# Information supplied:
*** Begin section ***

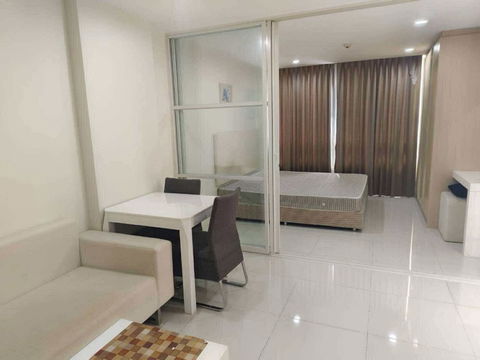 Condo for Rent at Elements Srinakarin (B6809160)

*** End section ***
*** Begin section ***

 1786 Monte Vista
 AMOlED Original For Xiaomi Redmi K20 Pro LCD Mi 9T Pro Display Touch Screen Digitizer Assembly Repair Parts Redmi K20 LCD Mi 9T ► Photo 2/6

*** End section ***
*** Begin section ***

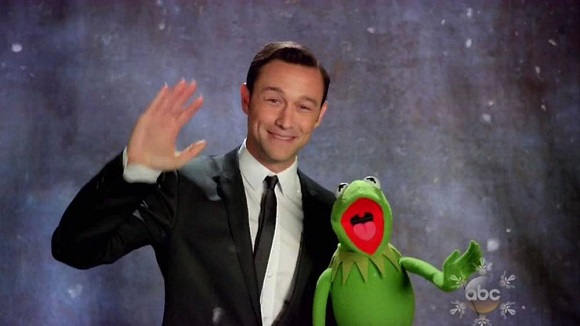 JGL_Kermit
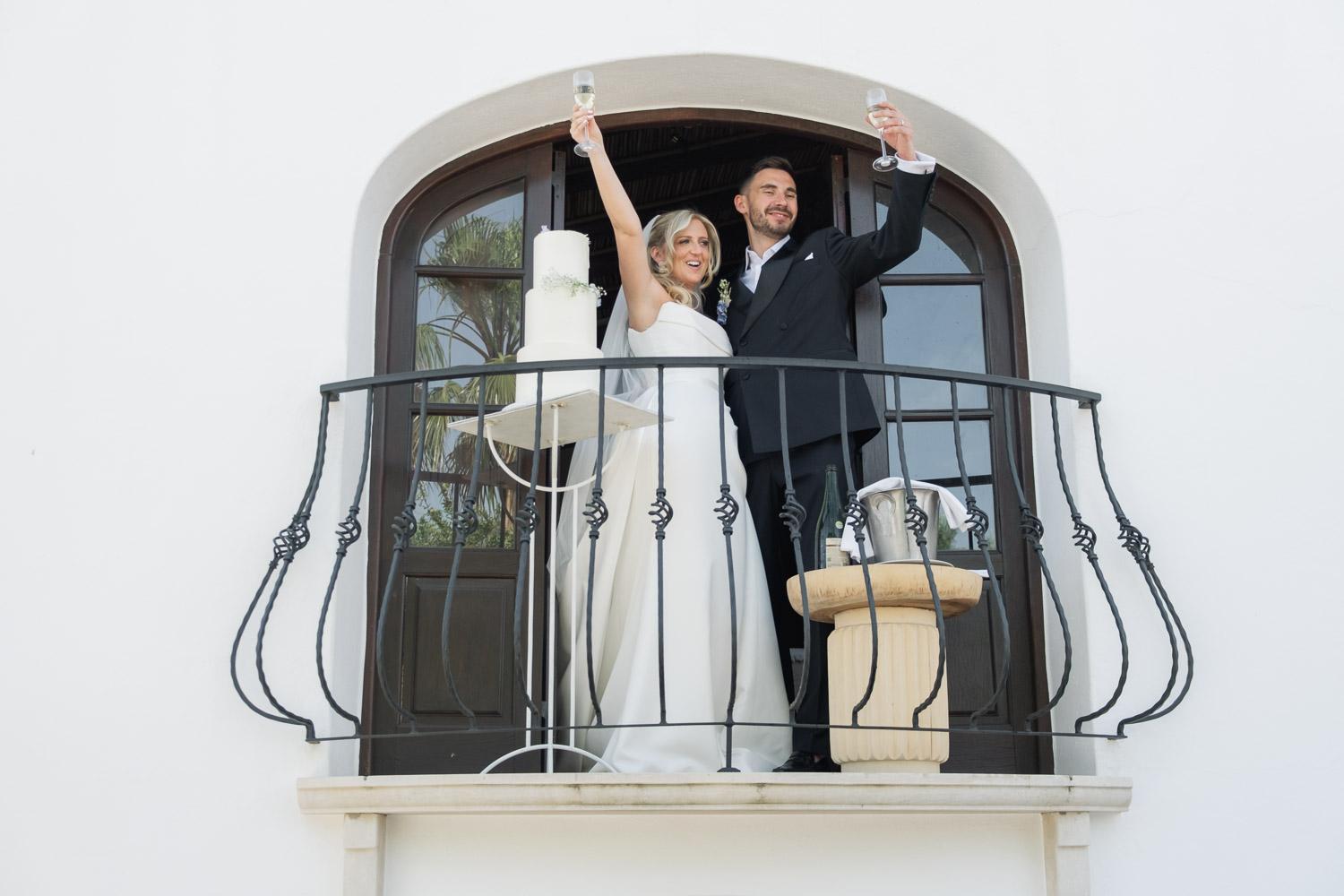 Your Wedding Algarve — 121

*** End section ***

Print the lines above from the one with "1786 Monte Vista" through the one with "AMOlED Original For", both included, exactly as written and nothing more.

 1786 Monte Vista
 AMOlED Original For Xiaomi Redmi K20 Pro LCD Mi 9T Pro Display Touch Screen Digitizer Assembly Repair Parts Redmi K20 LCD Mi 9T ► Photo 2/6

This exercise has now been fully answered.